#### Task description
Write the data out again exactly, dropping any images it holds.

#### Dataset content

★ ★ ★

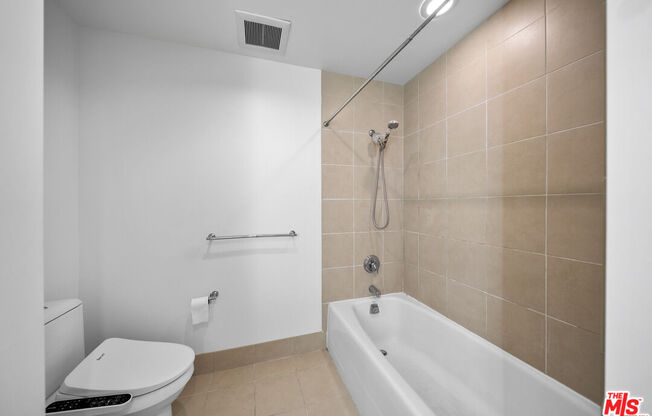 1 bed, 1 bath, 1,040 sqft, $2,895, Unit 1008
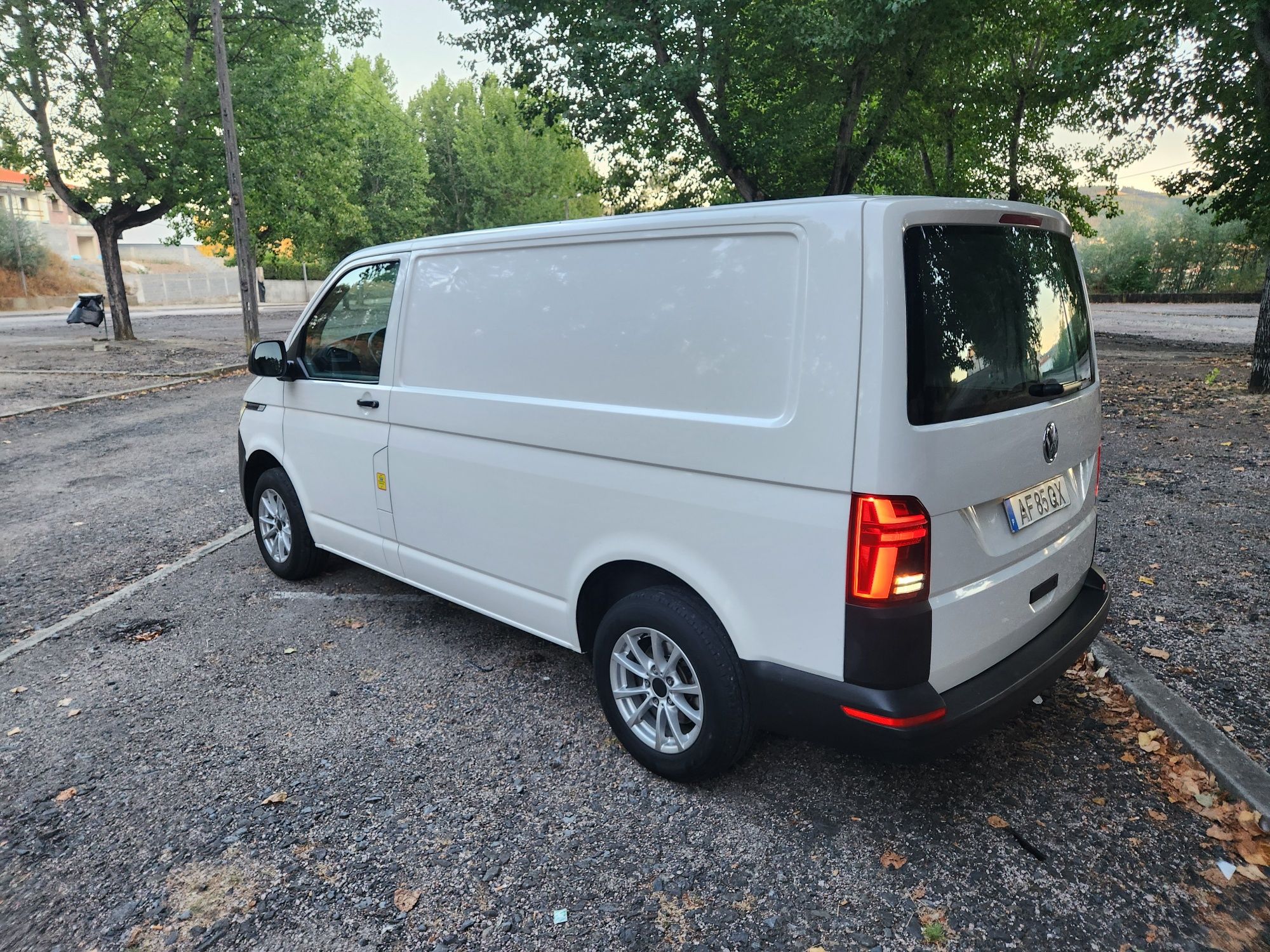 Volkswagen transporter 2.0 TDi Iva dedutível (preço inclui iva )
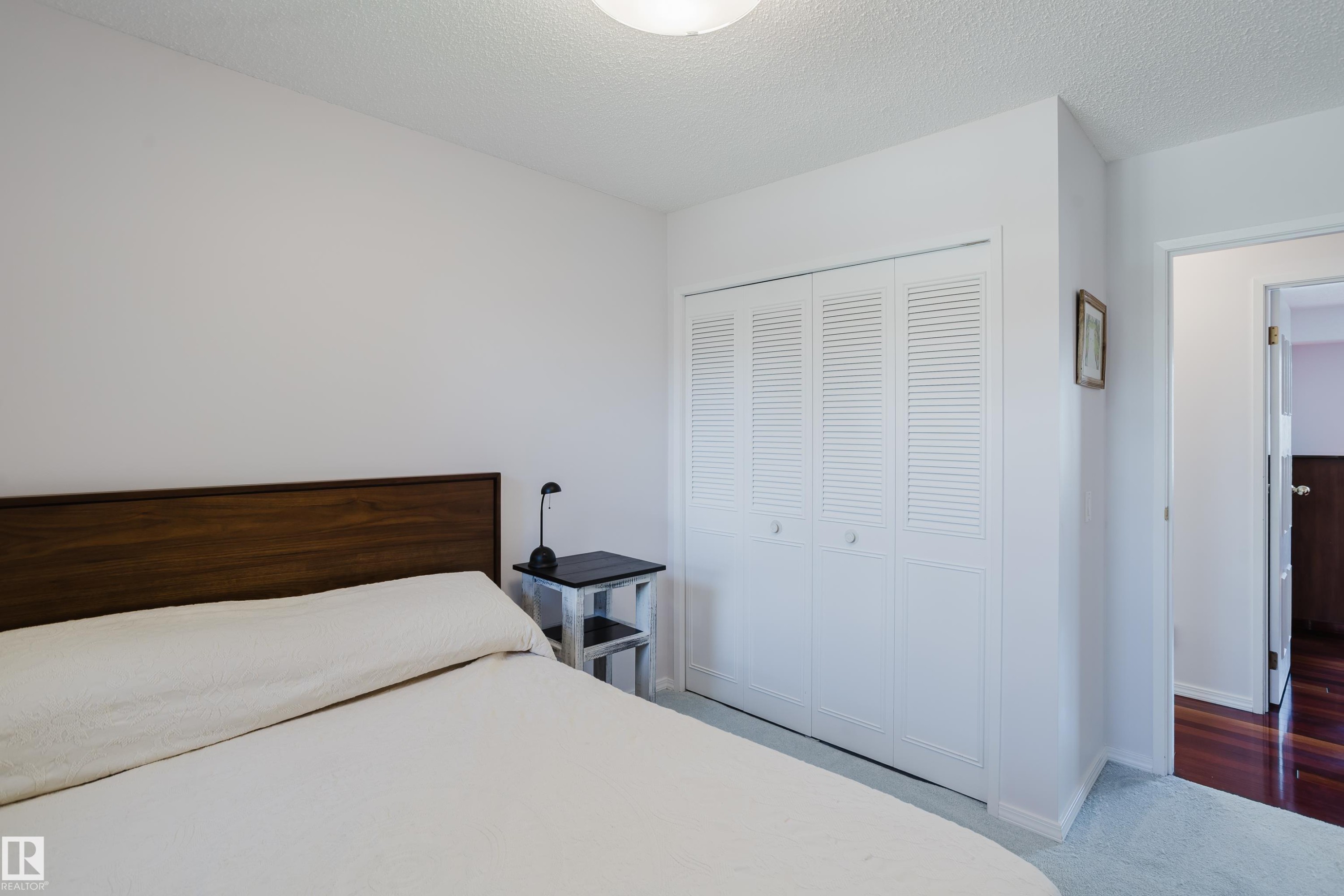 10433 32A Avenue Nw, Edmonton, AB - Indoor Photo Showing Bedroom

★ ★ ★

#### Solution to this problem
 1 bed, 1 bath, 1,040 sqft, $2,895, Unit 1008
 Volkswagen transporter 2.0 TDi Iva dedutível (preço inclui iva )
 10433 32A Avenue Nw, Edmonton, AB - Indoor Photo Showing Bedroom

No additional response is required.